Extreme-sounding idea for a new weaselproofing protocol


#21

Of course, in the context of what I originally said, the more relevant point is that interpreting the goal in even a comically absurd (but not provably wrong) way is that it gives one’s goal-setting self the chance to refine it so the same unintended interpretation can’t be used again. (This also accords better with the word “weasel” IMO: “In English-speaking areas, weasel can be a disparaging term, noun or verb, for someone regarded as sneaky, conniving or untrustworthy.” [Wikipedia]) Whereas plain old lying… I don’t know what one’s supposed to do about that.


#22

I think you make some good points.

I was mostly trying to come up with a bright line definition which would be more objective. But I think you’re right about:

As in, if you learned something about yourself, Beeminder, etc. and then you use that new knowledge to refine your goals, you’re probably on the right track. But if your only takeaway from the moment was “Yep I still don’t like running” then you’re probably weaseling.

Does that seem fair?


#23

I’ve been calling this “loopholes you can drive an ice cream truck through”. From the “Dirty Plate Club” blog post:

Overloading your plate is what I call a loophole you can drive an ice cream truck through. Namely, yes, it’s a way you could utterly defeat the point of the system, but you won’t do that because you want the system to work. The original example of such a loophole was from the first incarnation of the Beeminder commitment contract, back when we thought we needed an elaborate, literal commitment contract. We suggested that, to avoid fuzziness around the definition of “going to the gym”, you could simply beemind touching the door of your gym’s building. If you were legimately injured or something and shouldn’t exercise, the loophole would be there for the taking. But otherwise you’d never be so lazy that you’d actually get yourself all the way to the door of the gym and then not go in. Maybe some people would be that lazy, but that’s the point: You know yourself at least to some extent. Would you overload your plate so you could join the Dirty Plate Club while still stuffing yourself? I’m pretty sure you’re more likely to fall off the wagon on the food wasting part than you are to do that.


#24

My experience is different. I am a data weasel. I have an exercise goal that I have been following forever on beeminder. If I have the flu I will just add a data point for that day “flu”

I made a commitment to myself when I started saying “Cross my heart and hope to die, I will never put in a fake data point into beeminder.”

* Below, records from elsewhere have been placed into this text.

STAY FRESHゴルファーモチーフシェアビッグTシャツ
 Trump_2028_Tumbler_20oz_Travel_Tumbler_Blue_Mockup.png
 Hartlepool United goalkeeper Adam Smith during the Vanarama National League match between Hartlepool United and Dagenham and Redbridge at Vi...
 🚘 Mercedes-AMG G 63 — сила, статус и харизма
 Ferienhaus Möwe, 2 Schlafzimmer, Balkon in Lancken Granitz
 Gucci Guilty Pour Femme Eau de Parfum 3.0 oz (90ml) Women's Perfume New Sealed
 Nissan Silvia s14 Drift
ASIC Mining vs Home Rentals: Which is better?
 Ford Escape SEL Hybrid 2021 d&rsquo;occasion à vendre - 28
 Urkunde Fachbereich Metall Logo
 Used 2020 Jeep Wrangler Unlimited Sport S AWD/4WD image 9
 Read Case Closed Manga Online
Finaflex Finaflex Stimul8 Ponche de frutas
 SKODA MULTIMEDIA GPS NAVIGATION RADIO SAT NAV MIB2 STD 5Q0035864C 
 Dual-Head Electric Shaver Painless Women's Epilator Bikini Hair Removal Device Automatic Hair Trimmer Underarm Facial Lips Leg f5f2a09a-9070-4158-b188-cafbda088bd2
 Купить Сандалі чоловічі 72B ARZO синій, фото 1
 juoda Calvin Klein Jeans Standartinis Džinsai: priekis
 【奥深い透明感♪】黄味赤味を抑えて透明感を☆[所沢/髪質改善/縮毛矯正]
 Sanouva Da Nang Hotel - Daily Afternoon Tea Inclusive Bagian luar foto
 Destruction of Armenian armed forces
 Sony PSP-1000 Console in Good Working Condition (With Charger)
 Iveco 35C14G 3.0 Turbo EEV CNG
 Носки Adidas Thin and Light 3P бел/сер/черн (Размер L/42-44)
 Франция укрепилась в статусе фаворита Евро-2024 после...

I am fairly lax otherwise. One exercise on a normal day I will do 108 reps. However, if I am rushed I may only do 24 reps. That is ok with me, that counts as a data point. If I forgot to change the slope one week before I am on vacation, I just add a data point vacation when I am on vacation

But if I could have exercised, and did not. I will never put in a data point.

Works for me :man_shrugging:


#25

Hahaha! :smile: :lollipop: Love this.


#26

That had never occurred to me. I love it!